____ Records for this exercise

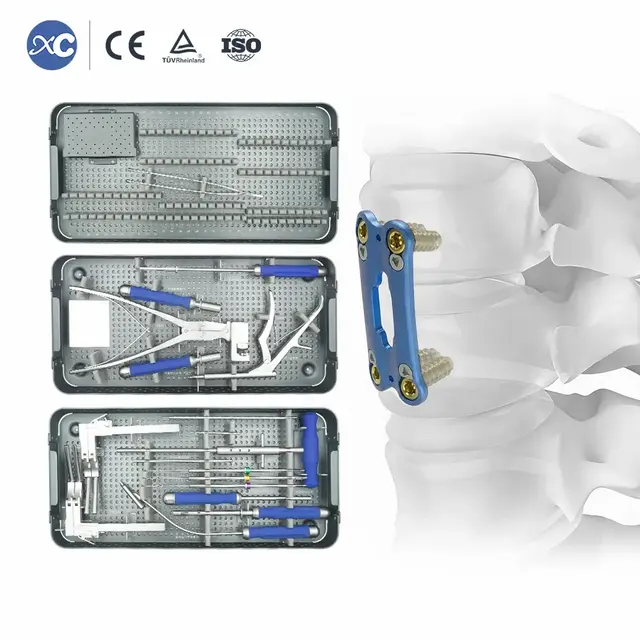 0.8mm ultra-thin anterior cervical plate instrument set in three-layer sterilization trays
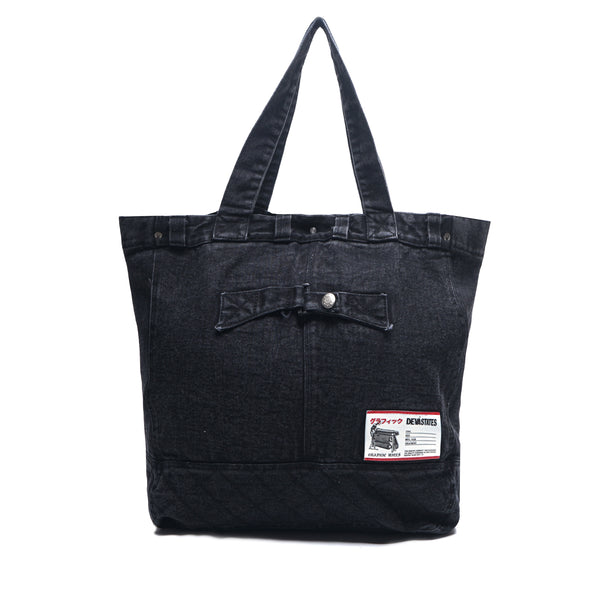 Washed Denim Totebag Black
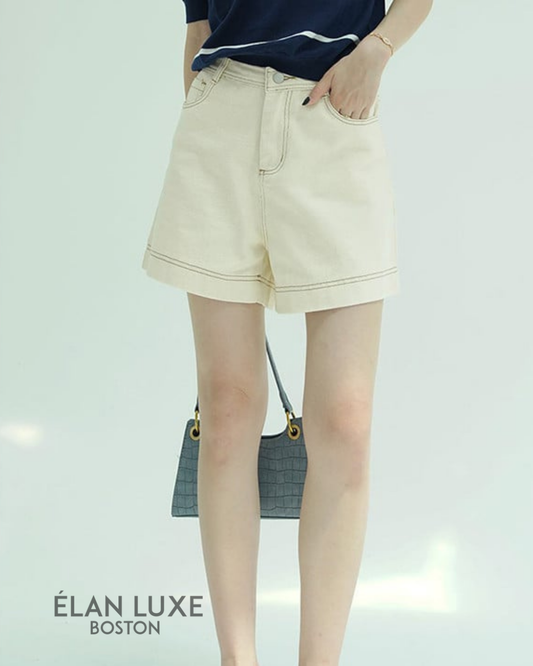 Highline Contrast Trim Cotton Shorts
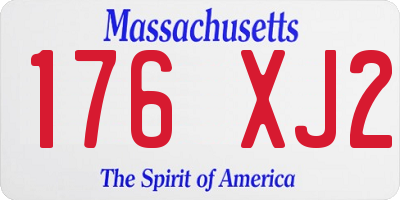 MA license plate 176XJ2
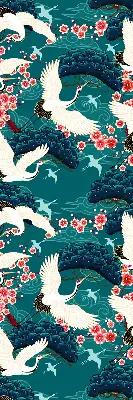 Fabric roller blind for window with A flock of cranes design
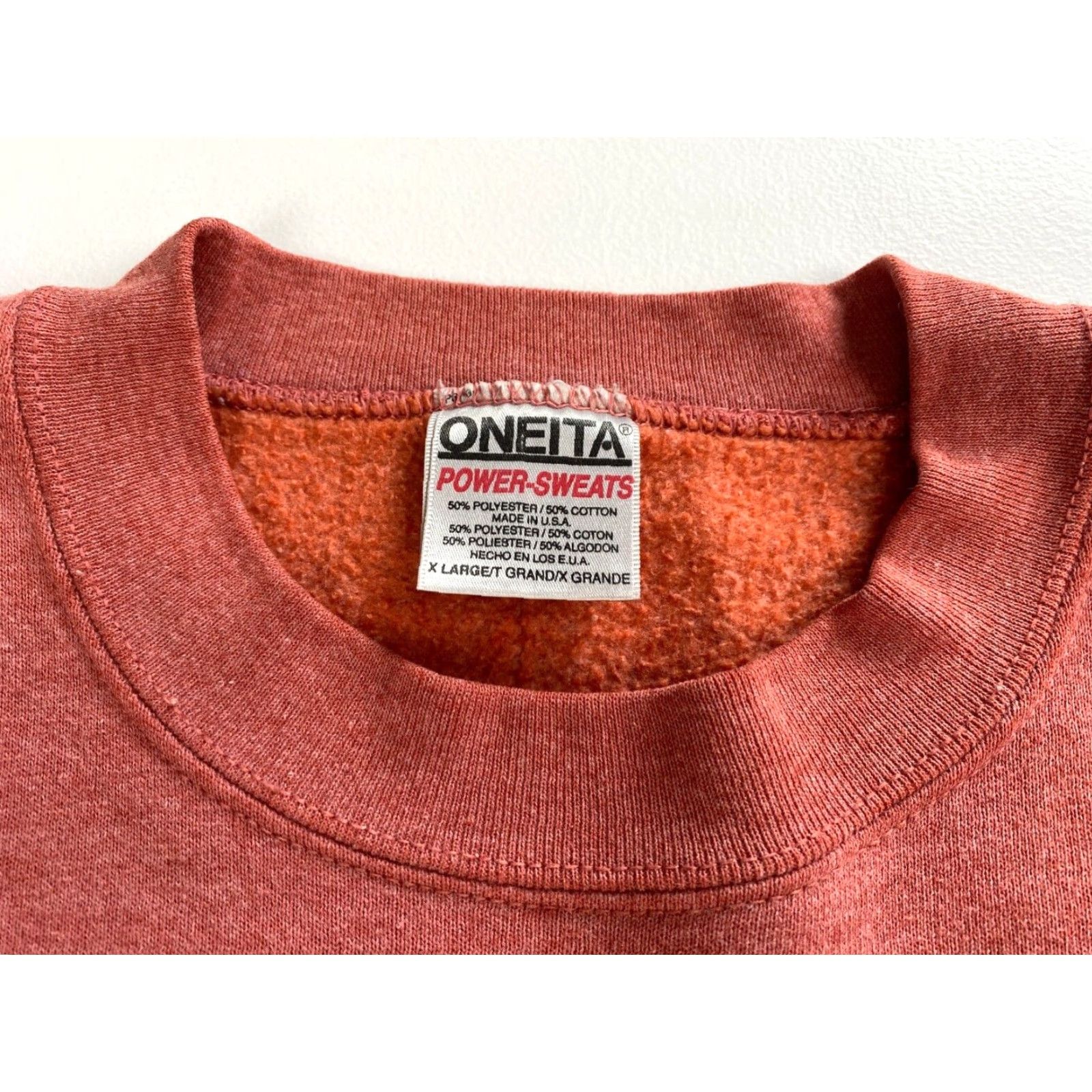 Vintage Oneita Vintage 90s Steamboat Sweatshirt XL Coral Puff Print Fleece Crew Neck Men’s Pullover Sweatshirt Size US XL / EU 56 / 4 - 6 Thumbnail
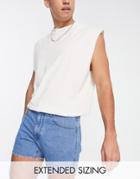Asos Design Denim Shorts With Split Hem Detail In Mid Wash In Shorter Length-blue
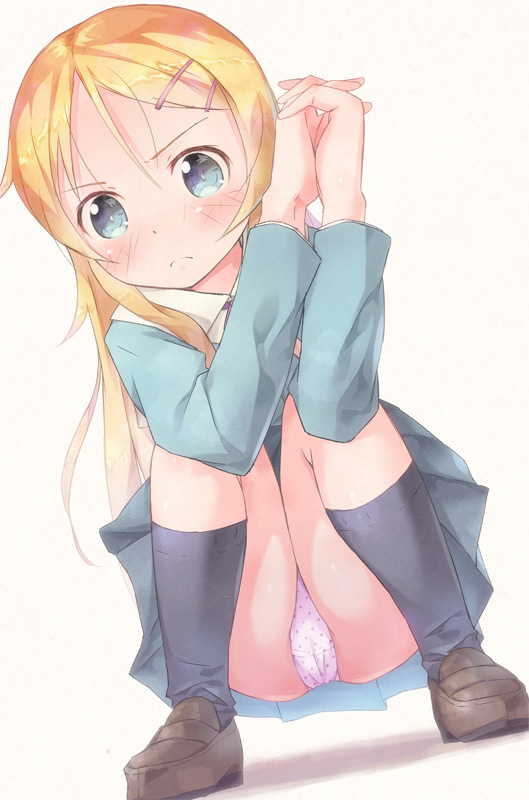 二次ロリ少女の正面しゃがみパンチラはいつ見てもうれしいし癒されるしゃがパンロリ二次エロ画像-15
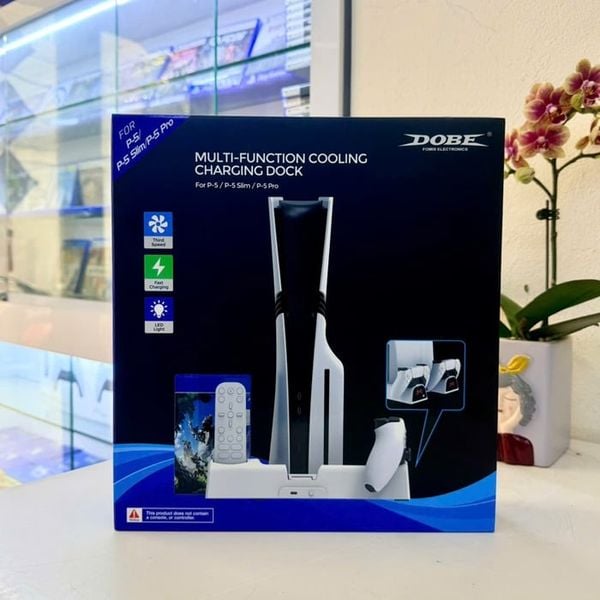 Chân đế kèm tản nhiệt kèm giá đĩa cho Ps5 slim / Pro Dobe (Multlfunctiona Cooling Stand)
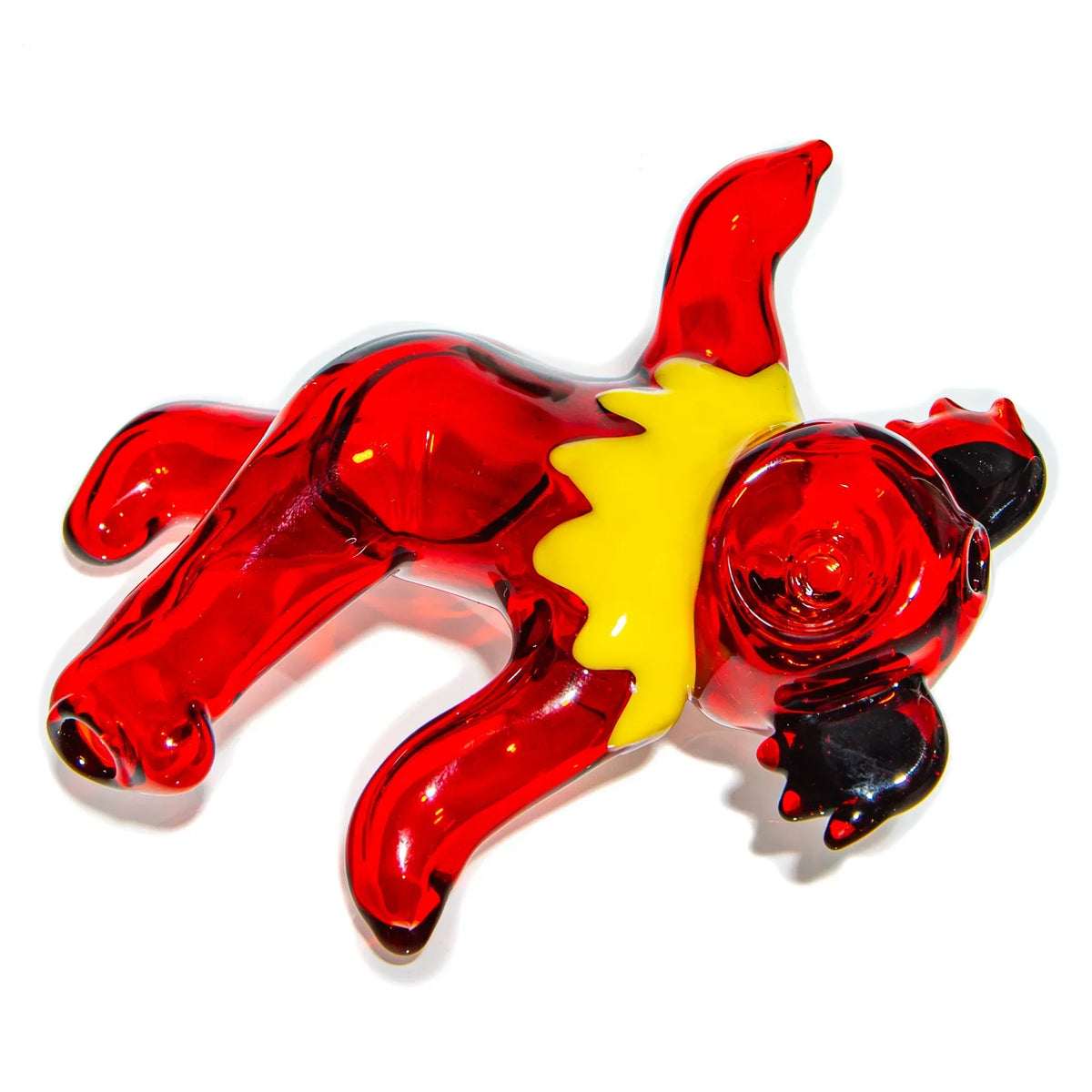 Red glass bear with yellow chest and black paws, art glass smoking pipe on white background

________

Look above for the line with "Vintage Oneita Vintage"; quote it and every line after it, stopping after the line with "二次ロリ少女の正面しゃがみパ", exactly, with nothing added and without pictures.

 Vintage Oneita Vintage 90s Steamboat Sweatshirt XL Coral Puff Print Fleece Crew Neck Men’s Pullover Sweatshirt Size US XL / EU 56 / 4 - 6 Thumbnail
Asos Design Denim Shorts With Split Hem Detail In Mid Wash In Shorter Length-blue
 二次ロリ少女の正面しゃがみパンチラはいつ見てもうれしいし癒されるしゃがパンロリ二次エロ画像-15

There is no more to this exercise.